Che statuto ha, oggi, la poesia? La domanda rimbalza da decenni sulle riviste specializzate, rilanciata da autori, critici, esperti e appassionati, senza però trovare mai una risposta definitiva. Nell’abbacinante esplosione delle estetiche, nel velocizzarsi assoluto della comunicazione, la poesia, quella scritta per la lettura o, talvolta, per la declamazione, sembra ancorata a una dimensione riflessiva, meditativa, antipodica agli assunti di rapidità, diffusione e maneggevolezza del contemporaneo. Ed è così che poeti operano nella quasi completa dimenticanza, almeno a livello realmente popolare: interrogato circa la realtà della poesia italiana contemporanea, è difficile che un non appassionato riesca ad aggiungere qualche nome a quelli di Mario Luzi, Alda Merini o Edoardo Sanguineti.
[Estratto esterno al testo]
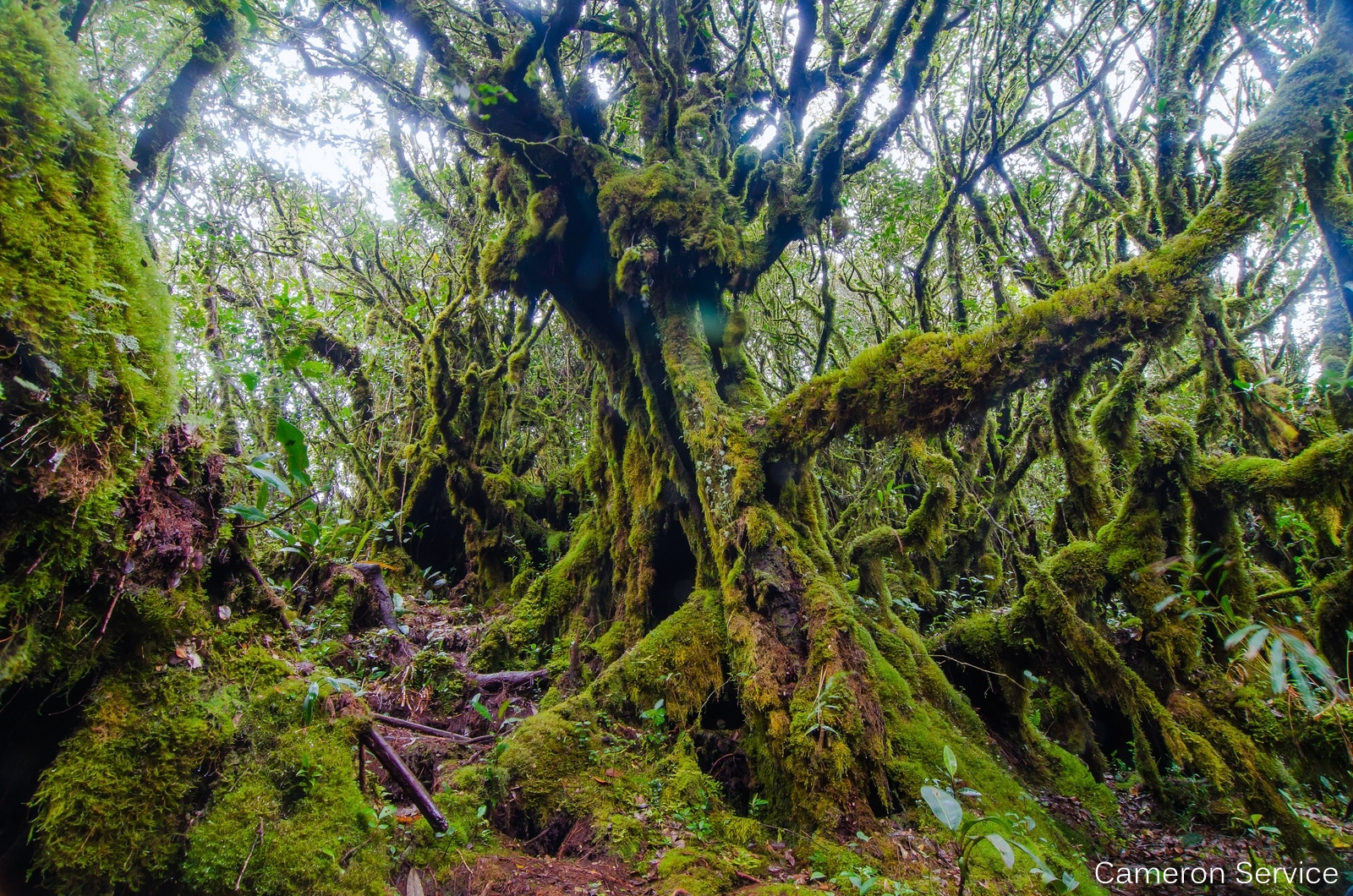 Moss Forest, Cameron Highlands Wildlife in Malaysia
L’ambito della riflessione non equivale necessariamente a quella del silenzio: questo il pensiero suggerito dalla prima, vorace, lettura di Sei tamburo che rulla, raccolta di scritti e poesie di Letizia Pantani, pubblicata di recente dall’editore lucchese Daris Libri. Dell’autrice, molti ricorderanno il sorriso, l’agire politico, la dolce caparbietà e l’amicizia. Quell’amicizia, stretta e incomunicabile, che rende vischioso e difficile qualsiasi commento critico, sospeso tra il timore del lamento e la distanza forzata di un’analisi asettica. Quell’amicizia interrotta dalla morte di Letizia, improvvisa, disperante, ingiusta.

Le due sezioni del libro, curato da Gianni Quilici e dalla madre dell’autrice Maila Grazzini, insegnante di lettere con studi filologici alle spalle, corrispondono a rispettivi, e distinti, modi comunicativi: il confronto dialogico contrapposto al monologismo endemico del componimento poetico vero e proprio.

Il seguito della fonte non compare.